Enorme es la tradición griega, sobre todo platónica, de aquella república utópica, por no decir que incluso es una copia o modernización de la gran polis que fue Atenas, tanto así, que Utopía es contemplada como un modelo para otros, como una guía a seguir, se reconoce como el más alto grado de sociedad, tal vez por eso su nombre ha devenido (para mal) en esa máxima inalcanzable.
Acortados hoy por el reloj capital que nos induce a una irrefrenable catástrofe, en nuestra mente subyace ese constante tic-tac que Hannah Arendt trae a la conversación, y como si fuera un mapa calcado, nos recuerda que aquella generación de los sesentas también dudaba de la existencia de un mundo futuro. Somos más conscientes de la extinción, dice Arendt, “No porque sean más jóvenes sino porque ésta ha sido su primera experiencia decisiva en el mundo”.
Por ello, dudar del México vapuleado por el crimen y la desigualdad es comprensible, pero no aceptable. Utopía nos muestra que pensar siempre en el futuro es una tarea no solo de humanistas, sino de revolucionarios. Es así que detenerse a vislumbrar el padecimiento del otro es un acto que produce amor. Compasión.
¿Nos heredaron la extinción? La pregunta es conservadora y poco estimulante, produce un abandono de la responsabilidad del presente y llama a culpar al otro y a victimizarse. Inmoviliza. La herencia del mal es un desafío doblemente costoso, pero eso debe de causar euforia por una mejora inmediata, un accionar del ahora. No nos dejemos engañar por este capital que hace pensar en el futuro como una intangibilidad fuera de él, individualizado y despolitizado. Sin compasión.
Parto primero de que la compasión es, en todo sentido, un arma política. Concierne una lucha contra la actitud cambiante del ser político al ser económico, donde este ser económico abandona por completo la colectividad para pasar a la individualidad. Richard Sennett lo decía ya: “el demonio de la competencia agresiva hace al hombre insensible a lo que es mejor en él: la compasión”.
Lo político de la compasión radica en el accionar, porque como toda acción, debe “interrumpir lo que de otra manera se hubiera producido automáticamente y, por eso, previsiblemente”. Si el capital espera que no apelemos a los cuerpos sufrientes que se producen en él, entonces la acción política es llamar a la compasión.

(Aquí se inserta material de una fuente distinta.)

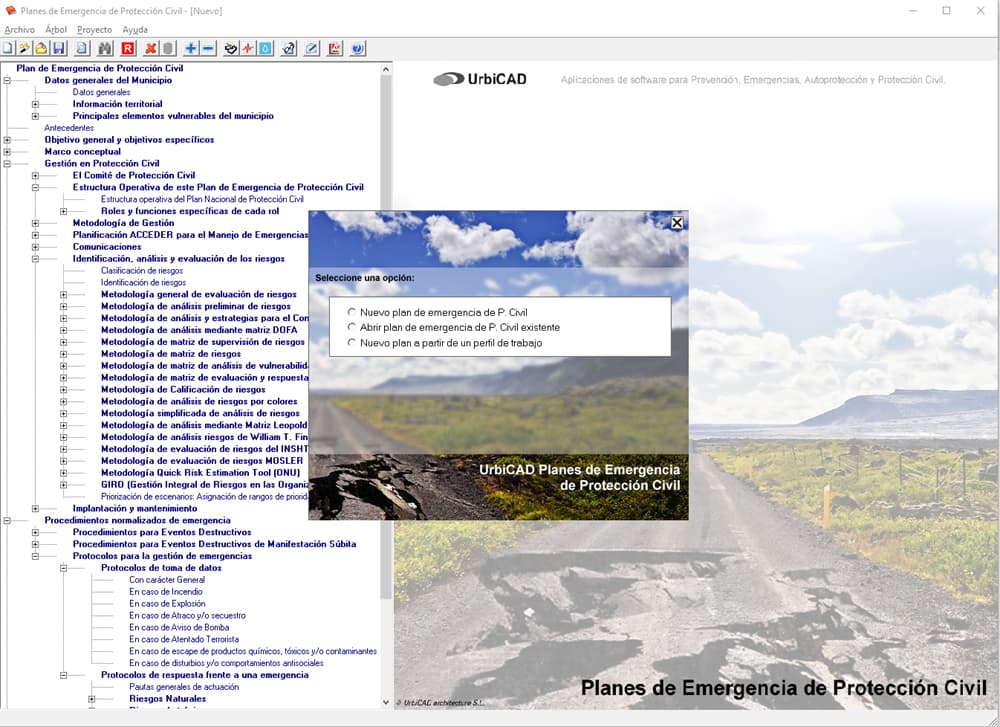 Planes de Emergencia de Proteccin Civil: Imagen pantalla aplicacin de software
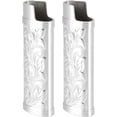 thumbnail image 2 of HUGFEGWE Lighter Case Zinc Alloy Outdoor Camping Hiking Floral Pattern Lighter Storage Container (Silver) CJB91-40035, 2 of 8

Ahora, no reduzcamos la compasión a una simple empatía por el otro, ni tampoco solo reconocer la injusticia propinada, sino que debemos de entender que este sentir lleva al hacer. Accionar. Reestablecer en medida el daño causado y. de ser posible, exterminarlo. Por esto digo que la compasión es el camino al actuar justo. No solo es reparar, sino prevenir.

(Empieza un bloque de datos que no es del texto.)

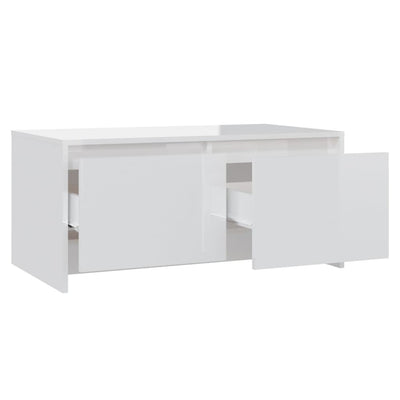 Coffee Table High Gloss White 90x50x41.5 cm Engineered Wood Payday Deals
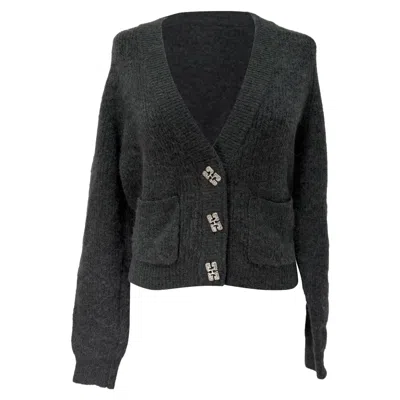 Ganni V-neck Cardigan In Grey Wool In Gray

La Utopía que debemos escribir ahora tendrá que referir a un deseo por la producción de la compasión, del amor. Nuestro Estado ideal tal vez ya no sea completamente compatible con la antigua Atenas y su polis, pero sí tiene que ser postcapitalista, urgente y altamente político.

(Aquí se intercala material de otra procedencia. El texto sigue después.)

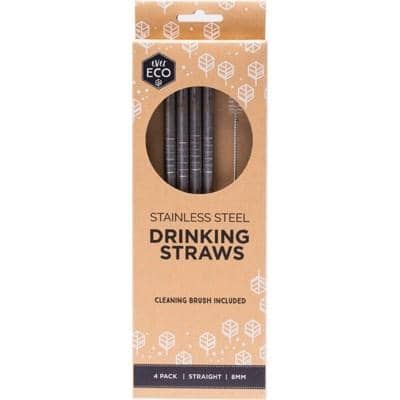 Ever Eco - Stainless Steel Straws - Straight (4 pack with Cleaning Brush)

Como Hannah Arendt señalaba: “La política se basa en el hecho de la pluralidad de los hombres”. La compasión requiere de la ubicación del otro como ser sintiente, o sea, se reconoce al otro como parte del cuerpo político, que necesita de los unos y los otros. De los “diversos”. Por ello el individuo aislado que vela por el bien propio, no es solo contrario a la comunidad y el bien superior, sino que es opuesto a la compasión.
Heredamos la injusticia, el clasismo, el racismo, pero también somos herederos de la reconstrucción y la fraternidad, luchadores de la diversidad. Potenciemos pues, los cuidados y los afectos. Politicemos el sentir y neutralicemos el egoísmo.
Configuremos la compasión como activo político, como hacer. Reconoce y da sentido al cuerpo unido, pero a la vez a la singularidad y valor del individuo, no aislado, sino hermano. Abandonemos esta epistemología que no produce esperanza ni (de)construcción. Recuerdo aquel joven que José Agustín describe en La tumba, con un incesante martilleo en la cabeza, parecido al reloj, pero que no era más que el de un gatillo. Clic, clic, clic. Aquel sonido no debe de trazar camino a la muerte, a la extinción, mucho menos al suicidio, sino todo lo contrario, de llevar a sanar. Es entonces la compasión una política contra el capital, una compasión que siente, que se olvida de contabilizar y tabular el dolor. La compasión no debe ser una Utopía, debe ser una posibilidad.